Background & aims: To assess the agreement and the association between phase angle (PA) and parameters of nutritional status in surgical patients.
Methods: This was a cross-sectional study that involved 98 patients admitted for elective gastrointestinal or hernia repair surgery. The risk and nutritional status were evaluated through Nutritional Risk Screening 2002 (NRS 2002), Subjective Global Assessment (SGA), Body Mass Index (BMI) and Total Lymphocytes Count (TLC). These assessments were compared with the mean standardized PA (SPA), obtained by Bioelectrical Impedance Analysis (BIA). Statistical analysis included kappa coefficient, Student's t-test, Mann-Whitney test, and the construction of a ROC Curve.
Results: The highest kappa agreement was obtained between the SPA and the SGA (0.27; CI95% 0.06-0.48). Malnourished patients diagnosed by NRS 2002, SGA and TLC had a significantly lower mean SPA as compared to those who were well-nourished. A cut-off point of 0.8 for SPA showed 82.6% (CI95% 65.0-100.0%) sensitivity and 40.6% (CI95% 23.0-58.2%) specificity.
Conclusion: The SPA presented weak agreement with the methods of nutritional assessment, as well as low specificity, and could not be recommended as a marker of nutritional status, despite the fact that the lowest values for SPA were found in malnourished patients.

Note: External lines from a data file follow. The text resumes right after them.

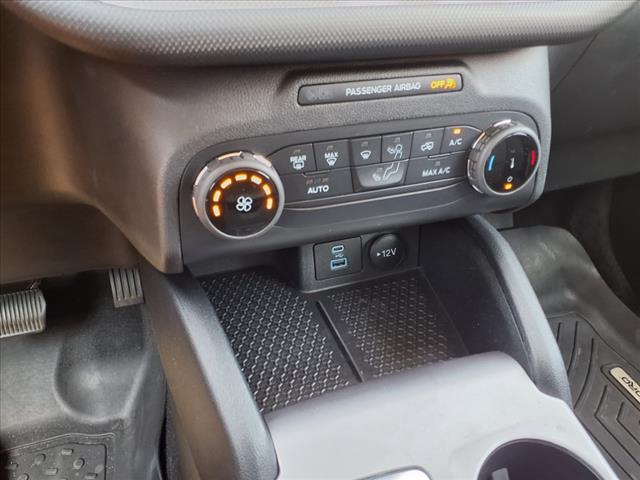 2022 Ford Bronco Sport 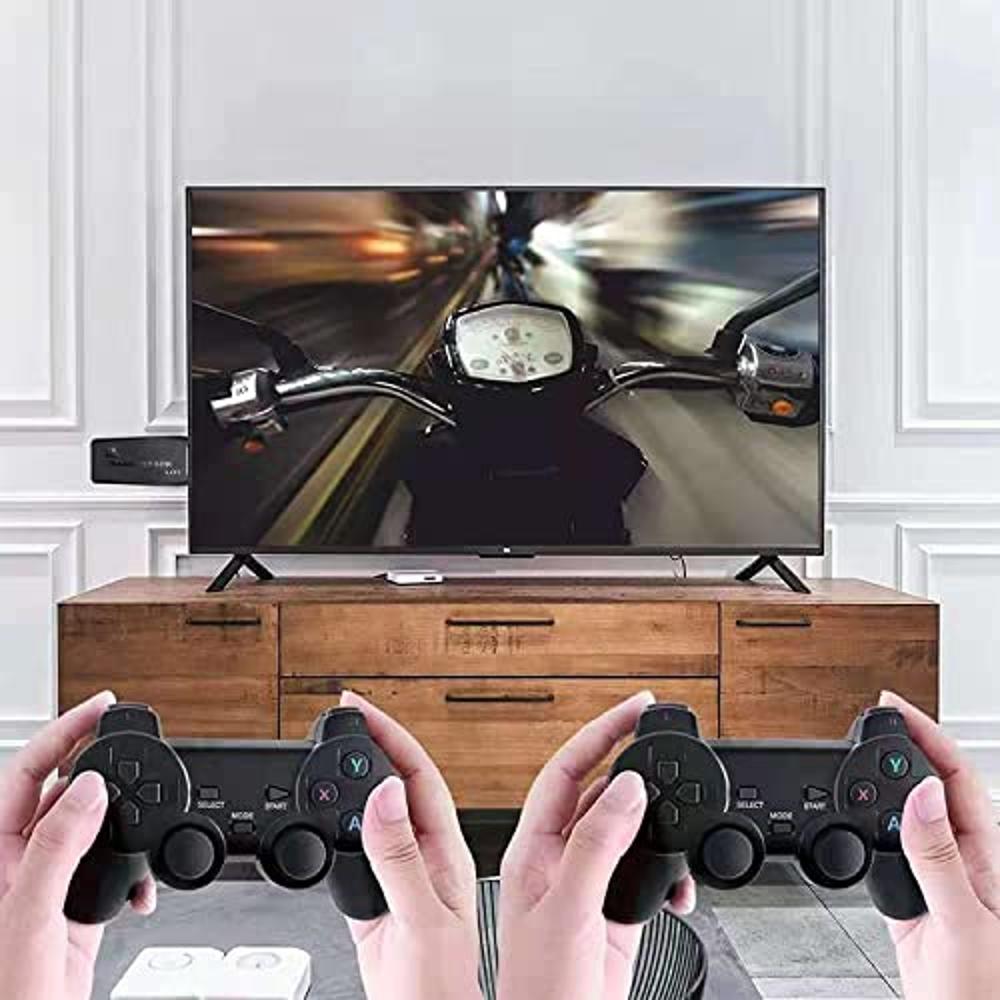 GameStick Lite Retro Video Games Console, N-Game Stick, Nostalgia Stick  Game, New Game Stick Lite 2023 Built in 20000+Games (64g) : Toys & Games 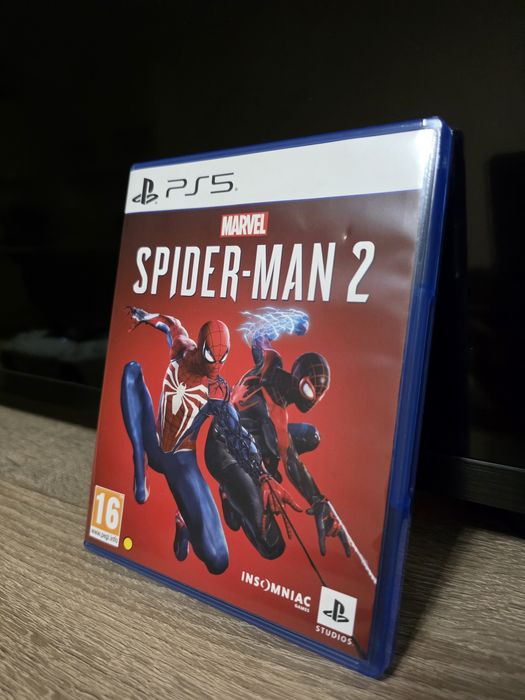 Spider-man. Playstation 5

Key words: Nutritional stattus assessment. Bioelectrical impedance analysis. Phase angle. Surgical patients.


RESUMEN

Introducción y objetivos: Evaluar la concordancia y asociación entre el ángulo de fase (AF) y los parámetros del estado nutricional en pacientes quirúrgicos.
Métodos: Se desarrolló un estudio de sección transversal con 98 pacientes admitidos para una cirugía gastrointestinal o de hernia. Se evaluó el riesgo y el estado nutricional a través del Rastreo de Riesgo Nutricional 2002 (RRN 2002), la Valoración Global Subjetiva (VGS), el Índice de Masa Corporal (IMC) y el Recuento Total de Linfocitos (RTL). Estos métodos fueron comparados con la media del AF estandarizado (AFE) obtenido por medio del Análisis de Impedancia Bioeléctrica (AIB). Los Análisis estadísticos incluyeron el coeficiente kappa , el test t Student, el test de Mann-Whitney, y la construcción de la Curva ROC.
Resultados: La concordancia kappa más alta se obtuvo entre el AFE y el VGS (0,27; CI95% 0,06-0,48). Los pacientes desnutridos diagnosticados por el RRN 2002, VGS y el RTL, tuvieron una media estadística de AFE significativamente menor comparado con aquellos que estaban bien nutridos. Un punto de corte del 0.8 para un AFE mostró 82,6% (CI95% 65,0-100,0%) de sensibilidad y 40,6% (CI95% 23,0-58,2%) de especificidad.
Conclusión: El AFE presentó una concordancia débil con los métodos de evaluación nutricional, así como una baja especificidad y no pudo ser recomendado como un indicador del estado nutricional, a pesar de que los valores más bajos del AFE fueron encontrados en pacientes desnutridos.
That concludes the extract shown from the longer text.